▸ **RECORDS FOR THE TASK**:
┌────────

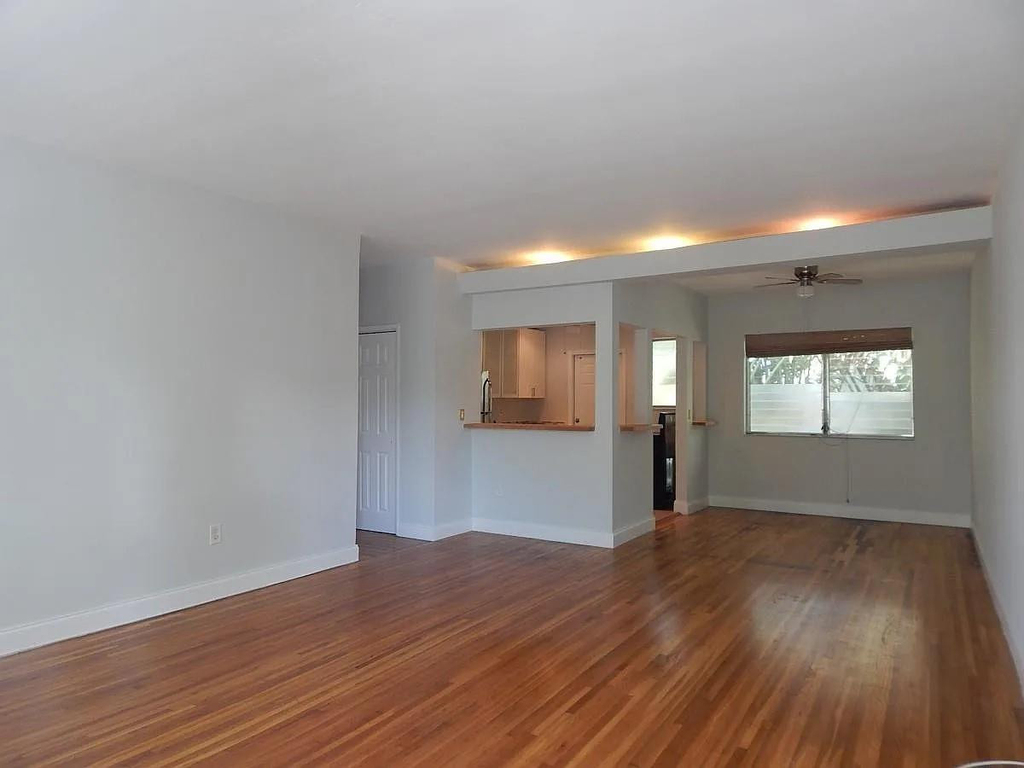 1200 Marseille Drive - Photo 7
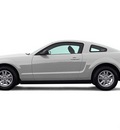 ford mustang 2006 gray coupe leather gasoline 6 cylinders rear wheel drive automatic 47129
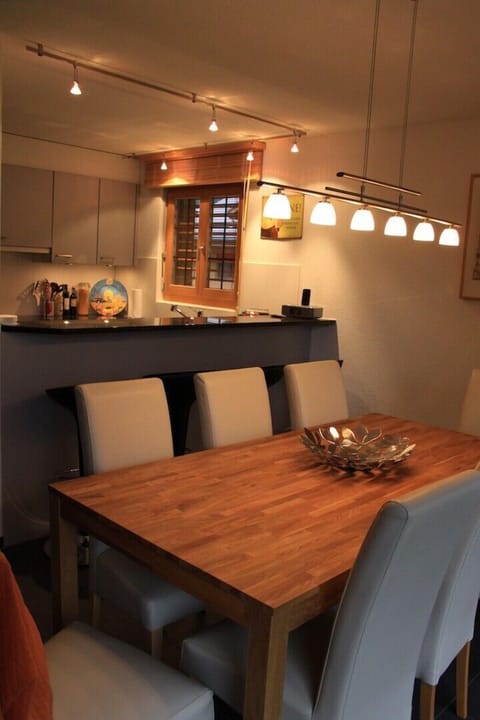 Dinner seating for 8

└────────
┌────────

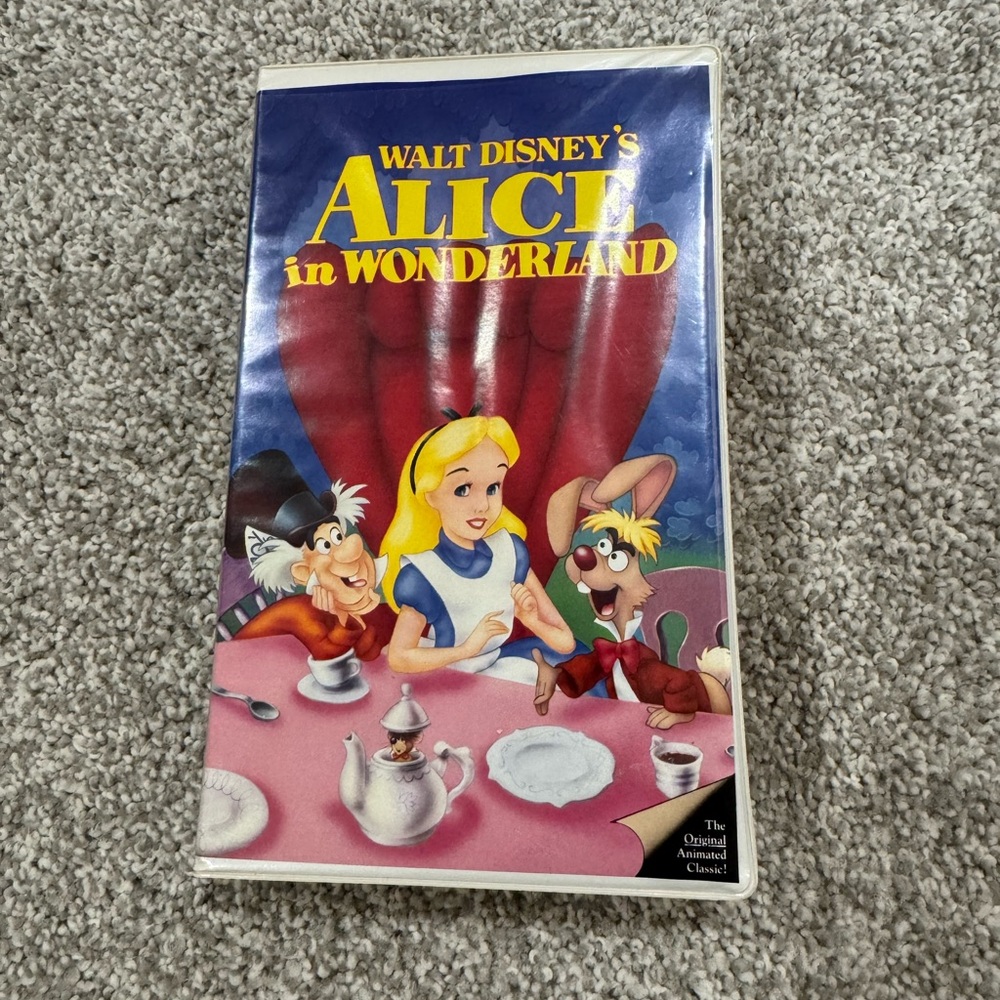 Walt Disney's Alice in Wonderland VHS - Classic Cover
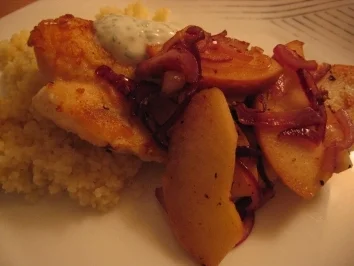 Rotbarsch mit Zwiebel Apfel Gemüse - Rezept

└────────
┌────────

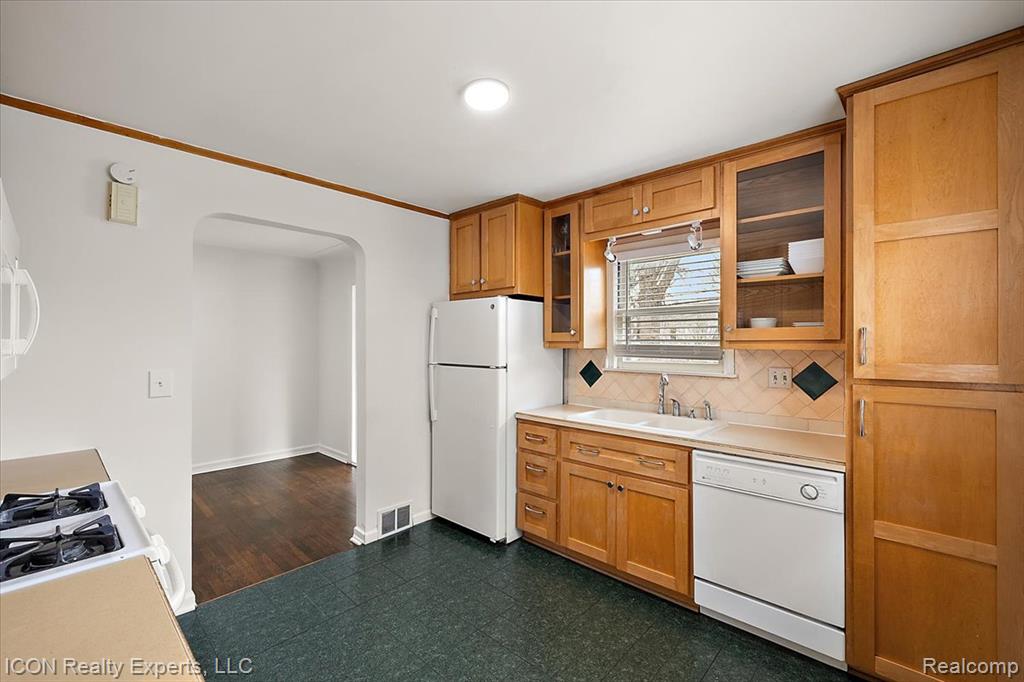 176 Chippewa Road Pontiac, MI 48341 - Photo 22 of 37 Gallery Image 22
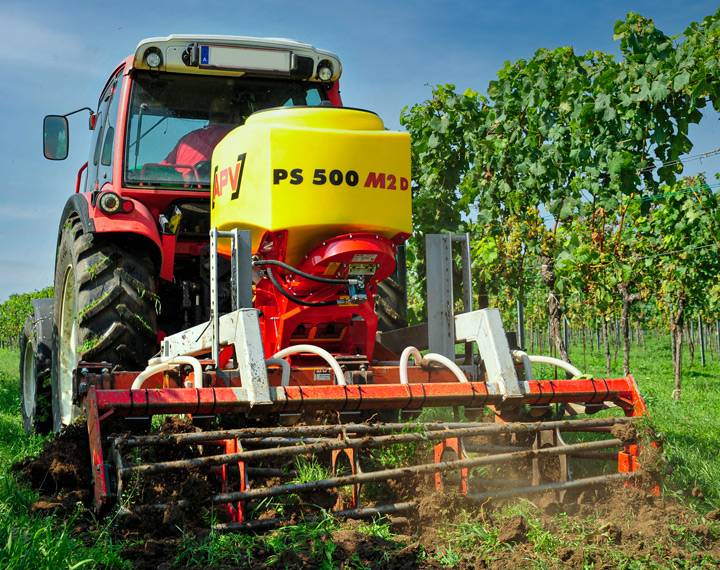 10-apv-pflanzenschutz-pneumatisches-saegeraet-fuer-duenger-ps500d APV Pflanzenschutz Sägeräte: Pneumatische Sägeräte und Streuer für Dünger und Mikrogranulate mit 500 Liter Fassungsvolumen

└────────

▸ **WORK TASK**: Pictures do not belong in the answer. Return the lines above starting at the one with "ford mustang 2006" and ending at the one with "Dinner seating for 8", both kept, exactly.

▸ **EXERCISE OUTPUT**:
 ford mustang 2006 gray coupe leather gasoline 6 cylinders rear wheel drive automatic 47129
 Dinner seating for 8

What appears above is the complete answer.